Click here for a Photo Album of the trip

Day 1 (Perth to Kalgoorlie)

I will season the inevitable food photos with people observations.

Off to a roaring start on both counts on the first night with Grilled Haloumi in a Field Mushroom (the menu description was more explanatory but I forget the content) then Grilled Barramundi with Stuff (ditto). Both outstandingly delish.
I managed to forego the Belgian Chocolate Mousse in order to feel saintly.

Now for the people. 

Opposite me was Mr Yama-something - the quintessential middle-aged Japanese tourist full of bows and charming smiles but no Engish whatsoever. However I managed to discover this trip is a long held dream - marvellous.
The others were a prosperous Perth couple in their 60's who immediately enthralled me.

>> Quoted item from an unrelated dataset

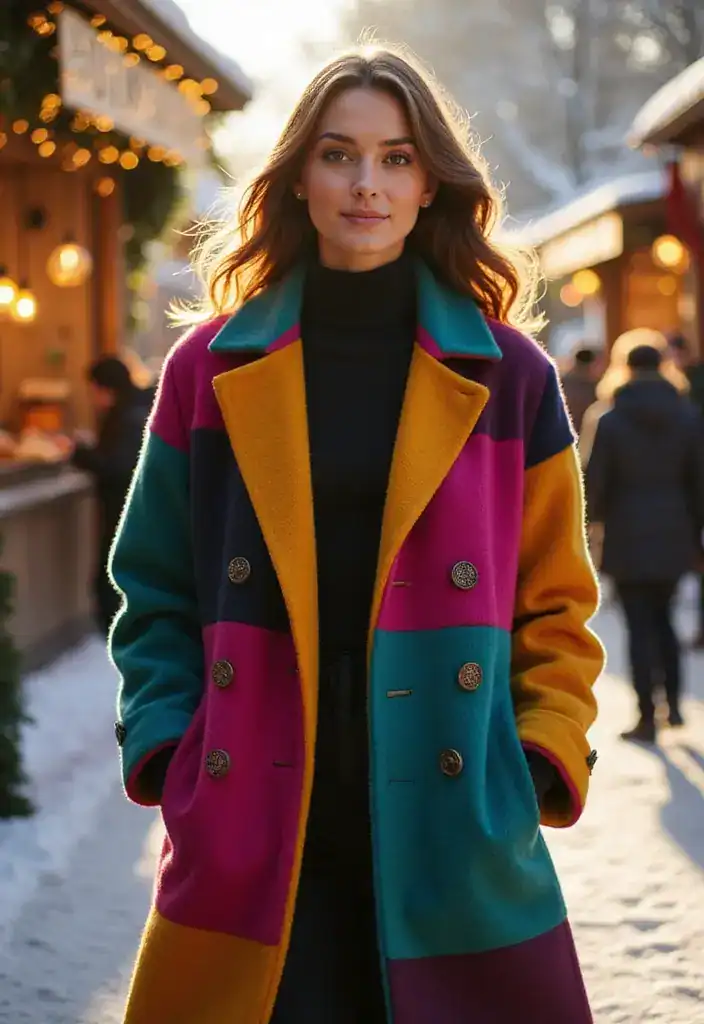 22 Trendy Winter Coats for Women - 11. Color-Blocked Coats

She started polishing all their cutlery, glasses and plates as soon as they sat down, while he turned to Mr Y with the menu and said loudly and slowly "No noodles eh!". I have full value for my ticket already!

Day 2 (mainly the Nullarbor)

Less successful in the culinary department - took a punt on some unfamiliar things like this poached peach, vanilla yoghurt and quandong compote for breakfast - very pretty but just, well weird, so I had a full English Breakfast to take the taste away. 

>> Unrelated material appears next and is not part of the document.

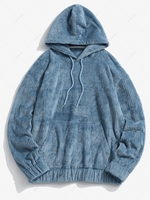 Sweat à Capuche Lettre avec Poche en Avant en Peluche Xl Bleu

Poor choice for dinner too - the Beef Cheeks with This and That were lovely and tender but too reminiscent of boarding school stew to be yummy, and decidedly unphotogenic, so here's dessert instead - sautéed apple slices on puff pastry with vanilla bean ice cream and butterscotch sauce. Luckily both pretty *and* yummy.

And now the people stories. As the 3rd youngest on the train I was the only woman not creating something for grandchildren, but I was lucky enough to meet an old guy who was a farmer, a miner and then a cray fisherman, so we had a chat about Dalwallinu and other Wheatbelt beauty spots before he discovered I'd driven a big tractor in Canada, and then we were off the conversational starting blocks! 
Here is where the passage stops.